I like to take the kids to the fair and look at the animals, I enjoy looking at cattle, I showed them when I was a kid and I like looking at the different breeds of pigs but I think my feeder pigs at home look a lot better than those show pigs but I doubt the judges would see it my way. I know one kid locally has been showing a bunch of pigs, I mean top notch, putting a lot of money into em. A couple years ago his mother insisted they kept one he had been showing to butcher, from what I understand they wound up throwing all the meat out, I guess it was terrible. I usually buy feeders off the guys that farrow show pigs, I buy the once they don't believe are worth showing, I take em home and put em outside and they thrive, turn out healthy, happy, and tasty so I'm sure being raised inside and eating that fancy feed makes a difference.


----------



## Paquebot (May 10, 2002)

Well, if one had a 20-acre wooded pasture of oak and hickory with water like we had on the home farm, we might fill the slop troughs with whey and ground oats and corn on Monday and it would still be there fermenting when a hog might wander in for a drink on Sunday. Cost for that week was nil. If someone had that same arrangement now, January would be about the time when it comes time to either start buying feed or sell. Wild hogs manage to live quite well year-around. Often have thought of why we didn't just hog-wire the whole farm and turn those Durocs loose on 240 acres!

Martin


----------



## HerseyMI (Jul 22, 2012)

The ad says annual but they sell whole and half hogs processed for this price every month. Notice smoking is extra. The second pic is select cut prices... compete with that..... people spend what is in their wallet but you can charge anything you want.


----------



## cooper101 (Sep 13, 2010)

That's a crazy coincidence. The processor I use outsources their smoking to Little Town Jerky. They do an amazing job. I get so many "best bacon ever" and "best ham ever" comments about their stuff.

But about the pricing. They must be finding those pigs wandering loose around town to sell at that price.


----------



## Paquebot (May 10, 2002)

cooper101 said:


> But about the pricing. They must be finding those pigs wandering loose around town to sell at that price.


If you've got your own feed, everything else on the farm paid for, and main income are cash crops, hogs may be something just to keep busy with and make a little cash to boot. For labor, they are the less demanding of any regular farm animal and the only one which can, in fact, fend for themselves as evident of the feral population. As mentioned before, right now is when it's a need for more feed to counter the cold weather and maintain weight in the northern areas.
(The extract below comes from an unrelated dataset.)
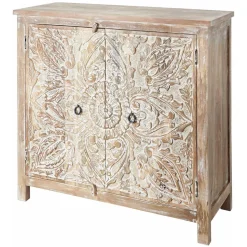 Vintage Kommode in Mangobaum White Wash - Jatama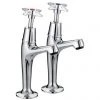 Franke F1081 Sink Pillar Taps with Crosshead Handles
It's also between the Christmas and Easter ham peaks so the overall demand is down. 

On our Craigslist right now, pork is going for anywhere from $2 to $3.50 hanging. Top end is that touted as pasture-fed, no GMO feed, no hormones, and any other gimmick that can add another 50Â¢ per pound. My freezers are mostly filled with venison but when I see nice big pork loins at HyVee for less than $1.50, one comes home with me! 

Martin


----------



## Bubbas Boys (Apr 11, 2013)

If this ad is from grocery store then that is no surprise to me. I was the meat manager at a small local and then a big corp meat dept until I was 29 years old and decided that the retail business is not for me (AT ALL!!). We had prices on several meat items that we lost a ton of money on but they price that way to get you in the door and hope you will come back. As Highlands always tells people if you are raising pigs do not try to compete with the local managers special!!


----------



## farmerDale (Jan 8, 2011)

800 lbs of wheat here would cost about 50 bucks right now. Plus a bit of supplement. Not a bad profit to be had.


----------



## solsikkefarms (Jun 1, 2013)

There are a few large farms around here (basically 2 farm families that run the county Ag scene) These places have sweetheart deals with everyone around so lots of free food and plenty of land they raise pigs fast and cheap and sell them for little to nothing. It's like printing money.


----------



## paul98604 (Jun 16, 2012)

As Martin said, I can get $4 - $4.50/#. Some people are even at $5/# around here with all of our "gimmicks" such as organic, non-GMO, pasture raised, no hormones, happy pigs, and whatever other "gimmick" that we can think of to use to lure the poor, wealthy, sustainable, organic, hippie, morons into our pig pasture of deceit! LOL Ignore CL. CL is not reality. You will always find people on there giving stuff away for nothing, for multiple reasons. You can't factor CL into a marketing plan or use it to set pricing. I buy my Berks from a reputable breeder for $90-125/piglet depending on the season. I'll gladly pay that. I've never had a sick or unhealthy pig from my breeder, she takes really great care to make sure the pigs are healthy and happy...probably just another "gimmick" but I've fallen for it. I saw what a friend of mine bought "cheap" on CL, he was bragging about his "deal" but eventually he spent more in labor, deworming, anti-biotics, vet bills, etc. for his "cheap" pigs, than I did for my happy "gimmick" pigs. This may not always be the case but many of the deals on CL are a one time thing and most people I market to will not shop Craigslist for their food. Don't let it get in the way of a good marketing plan.


----------



## cooper101 (Sep 13, 2010)

I understand the economics of it, loss-leaders, seasonality, unique cost advantages, etc.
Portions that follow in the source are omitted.